New Jersey Supreme Court


Decided: July 9, 1980.

ANGELA M. BELL, PLAINTIFF-APPELLANT,
v.
JOHN R. BELL, DEFENDANT, AND PORT AUTHORITY TRANSIT CORPORATION, A CORPORATE SUBSIDIARY OF DELAWARE RIVER PORT AUTHORITY, JOHN DOE(S), A FICTITIOUS NAME(S), AS EMPLOYEES OF PATCO, DELAWARE RIVER PORT AUTHORITY (DRPA), A BI-STATE AGENCY, RICHARD DOE(S), A FICTITIOUS NAME(S), AS EMPLOYEES OF DRPA AND PATCO, MR. DONALD WOLFE, WILLIAM FLOOD, FRANK PETERS, MR. FIORI, MR. KOLM, MR. WICKES, MR. COLLINS, MR. JOHNSTONE, MR. L. E. JOHNSON, AS EMPLOYEES OF PATCO AND/OR DRPA, DEFENDANTS-RESPONDENTS, AND CONRAIL, A SUCCESSOR IN INTEREST TO PENNSYLVANIA READING SEASHORE LINES, PENNSYLVANIA READING SEASHORE LINES, BLACKACRE AGENCY, A FICTITIOUS NAME, AS A GOVERNMENTAL AND/OR PUBLIC AGENCY AND/OR AUTHORITY AND/OR BODY AND/OR CORPORATION AND/OR ENTITY, SAMUEL ROE(S), A FICTITIOUS NAME, AS AN EMPLOYEE OF BLACKACRE AGENCY, DEFENDANTS

On appeal from the Superior Court, Appellate Division.

For reversal -- Chief Justice Wilentz and Justices Sullivan, Pashman, Clifford, Schreiber, Handler and Pollock. For affirmance -- None. The opinion of the Court was delivered by Sullivan, J.

Sullivan

[83 NJ Page 419]

This personal injury suit was brought by plaintiff Angela M. Bell against her husband John R. Bell, the Delaware River Port Authority (DRPA) and its subsidiary the Port Authority Transit Corp. (PATCO).*fn1 The appeal herein, on leave granted to plaintiff, involves the issue whether DRPA (including its subsidiary) is a "Public entity"*fn2 within the meaning and scope of the New Jersey Tort Claims Act, N.J.S.A. 59:1-1 et seq. (the act), so that a tort claim against them must satisfy the following notice and filing requirements of the act:

59:8-8. Time for presentation of claims

A claim relating to a cause of action for death or for injury to person or to property shall be presented as provided in this chapter not later than the ninetieth day after accrual of the cause of action. After the expiration of 6 months from the date notice of claim is received, the claimant may file suit in an

[83 NJ Page 420]

appropriate court of law. The claimant shall be forever barred from recovering against a public entity if:

a. He failed to file his claim with the public entity within 90 days of accrual of his claim except as otherwise provided in section 59:8-9; or

b. Two years have elapsed since the accrual of the claim; or

c. The claimant or his authorized representative entered into a settlement agreement with respect to the claim.

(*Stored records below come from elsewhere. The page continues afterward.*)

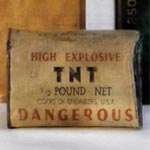 Saisie de 150 kg d’explosifs (TNT) au port El Ketf à Ben Guerdane
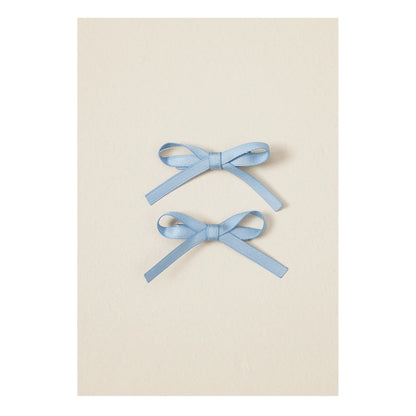 -ヘアアクセサリー ガールズリボンヘアピン前髪クリップ【mh0011287】 - mamahalo shop - ヘアアクセサリー -  べビー服 - 子供服 - 男の子 - 女の子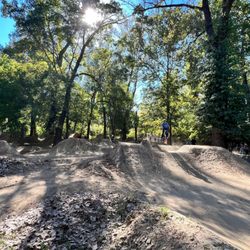 Grant's Trail - Bike jumps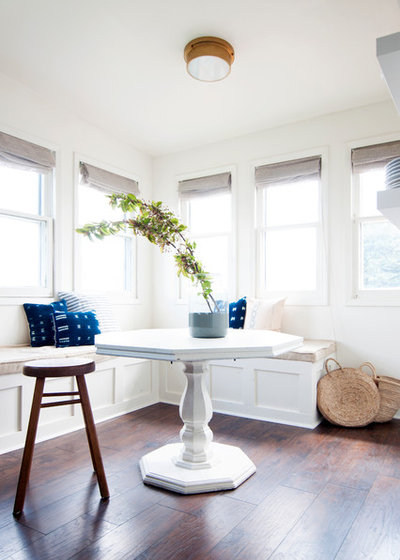 Transitional Living Room by Alexandra Crafton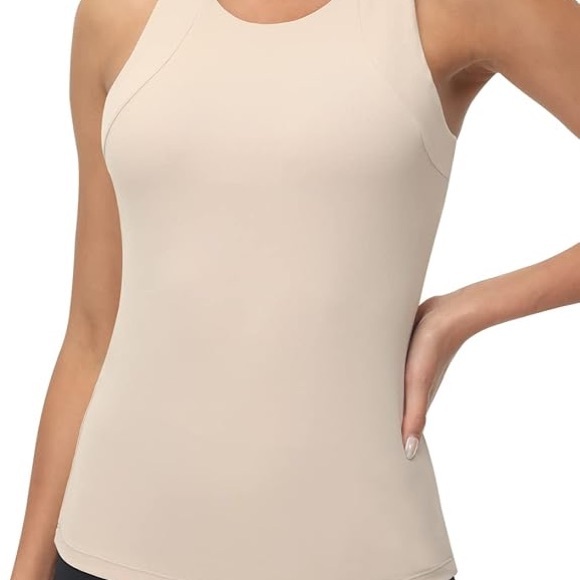 Tank Top With Bra - Picture 1 of 6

Nothing in this section shall prohibit an infant or incompetent person from commencing an action under this act within the time limitations contained herein, after his coming to or being of full age or sane mind.

L.1972, c. 45, § 59:8-8.

59:8-9. Notice of late claim

A claimant who fails to file notice of his claim within 90 days as provided in section 59:8-8 of this act, may, in the discretion of a judge of the superior court, be permitted to file such notice at any time within 1 year after the accrual of his claim provided that the public entity has not been substantially prejudiced thereby. Application to the court for permission to file a late notice of claim shall be made upon motion based upon affidavits showing sufficient reasons for his failure to file notice of claim within the period of time prescribed by section 59:8-8 of this act; provided that in no event may any suit against a public entity arising under this act be filed later than 2 years from the time of the accrual of the claim.

L.1972, c. 45, § 59:8-9.

The facts relevant to consideration of this appeal are as follows: defendant DRPA is a bi-state agency created under a compact between the State of New Jersey and the Commonwealth of Pennsylvania and approved by the Congress of the United States. See N.J.S.A. 32:3-1 et seq.; 36 Pa.Cons.Stat. Ann. §§ 3503-3505 (Purdon); 47 Stat. 308.*fn3 Among the powers conferred on the agency is the power "to sue and be sued." N.J.S.A. 32:3-5(b). Defendant PATCO is a wholly owned subsidiary of the bi-state agency created pursuant to legislative authorization. N.J.S.A. 32:3-13.42(7)(b).

On April 14, 1973, plaintiff was a passenger in an automobile being driven by her husband. She was seriously injured when the vehicle ran into an allegedly unmarked girder supporting a railroad bridge over a street in Camden, N.J. The bridge is

[83 NJ Page 421]

used jointly by Conrail and PATCO, who share responsibility for its maintenance.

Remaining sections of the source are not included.